Ich spulte einen Haufen Fakten über Wellen und Teilchen herunter und versuchte, den Anschein zu erwecken, dass ich meine Materie beherrschte, bis eine von ihnen die Hand hob, um meinem Geschwafel Einhalt zu gebieten, und sehr liebenswürdig fragte: »Ist ein Elektron nun ein Teilchen oder eine Welle?«, bevor sie sich wieder zurücklehnte und zusah, wie ich ins Schwimmen geriet. Ich bin über diese Erfahrung zwar keineswegs verbittert, aber ehrlich gesagt, hatte sie mir eine unbeantwortbare Frage gestellt.
Das Rätsel, dass sich Elektronen und Photonen anders verhalten, wird als »Welle-Teilchen-Dualismus« bezeichnet – ein Begriff, der von dem französischen Adligen Louis-Victor Pierre Raymond, 7. Herzog von Broglie (kurz: Louis de Broglie) geprägt wurde. Louis diente während des Ersten Weltkriegs im Militär und bestand darauf, hinterher eine Ausbildung sowohl in Geschichte als auch in Physik zu erhalten, was er für entscheidend für das Verständnis der Vergangenheit und Zukunft der Menschheit hielt.

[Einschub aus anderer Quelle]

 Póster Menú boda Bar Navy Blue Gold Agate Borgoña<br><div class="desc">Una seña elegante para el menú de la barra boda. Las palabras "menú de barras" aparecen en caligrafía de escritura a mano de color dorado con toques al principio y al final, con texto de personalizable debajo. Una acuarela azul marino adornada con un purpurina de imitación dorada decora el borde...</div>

Als er bereits in seinen Zwanzigerjahren stand, war die Quantentheorie das große Thema in der Naturwissenschaft. Also beschloss er, seine Doktorarbeit über dieses zentrale Rätsel zu schreiben. War es möglich, dass Dinge im Universum weder Teilchen noch Welle waren und diese Erscheinungsformen nur annahmen, je nachdem, welches Experiment wir durchführten? Sprangen Elektronen und Photonen irgendwie zwischen diesen beiden Zuständen hin und her? Waren unsere schwachen Schimpansengehirne überhaupt in der Lage, mit dem zurechtzukommen, was die Natur auf der Quantenebene wirklich tut?
Wenn wir uns Wellen vorstellen, können wir anhand ihrer Frequenz (wie viele Wellen pro Sekunde auf Sie treffen) und ihrer Wellenlänge (wie weit entfernt jeder Wellengipfel vom anderen ist) berechnen, wie viel Energie sie mit sich führen.
Da wir ebenfalls die Energie eines sich bewegenden Teilchens anhand seiner Masse und Geschwindigkeit berechnen können, stellte de Broglie folgende Frage: Warum sollte man diese beiden Energien nicht gleichsetzen? Wenn wir die Eigenschaften von etwas im Sinne eines Teilchens kennen, können wir seine Energie berechnen und unser Gehirn dann umschalten, um es uns als Welle vorzustellen, deren Energie wir gerade berechnet haben. Energie dient als Übersetzungseinheit zwischen der Wellen- und Teilchenphysik.
Ursprünglich stieß dieser Vorschlag auf Skepsis. Sollten wir ernsthaft sagen, dass jedes Teilchen eine Wellenlänge und jede Welle eine Masse besitzt? Zum Glück für de Broglie gefiel diese Idee Albert Einstein sehr, und er begann sie in seinen Vorlesungen zu befürworten (was nie schadet).
Der Ansatz de Broglies besagt, dass man jedes beliebige Teilchen nehmen und seine mit ihm »verknüpfte Wellenlänge« berechnen kann. Sobald man das getan hat, kann man einen Doppelspalt geeigneter Größe konstruieren und das Teilchen darauf schießen, was auf der anderen Seite ein Interferenzmuster erzeugt. Auch wenn wir vielleicht nicht in der Lage sind, uns visuell vorzustellen, wie etwas gleichzeitig ein Teilchen und eine Welle sein kann, können wir doch gewiss Berechnungen mit ihnen vornehmen und zuverlässige Daten erhalten.
Und das funktioniert auch. Im Jahr 1944 benutzte Ernest Wollan de Broglies Theorie, um Neutronen, die Tausende Male schwerer als Elektronen sind, durch ein Kochsalzkristall abzulenken.18 Protonen können ebenfalls auf dieselbe Weise abgelenkt werden, obwohl es überraschenderweise keine Aufzeichnungen darüber gibt, wer dieses Experiment als Erster durchführte. Im Rückblick hätte ich wahrscheinlich in jenem Bewerbungsschreiben für die Uni nicht behaupten sollen, dass ich es war.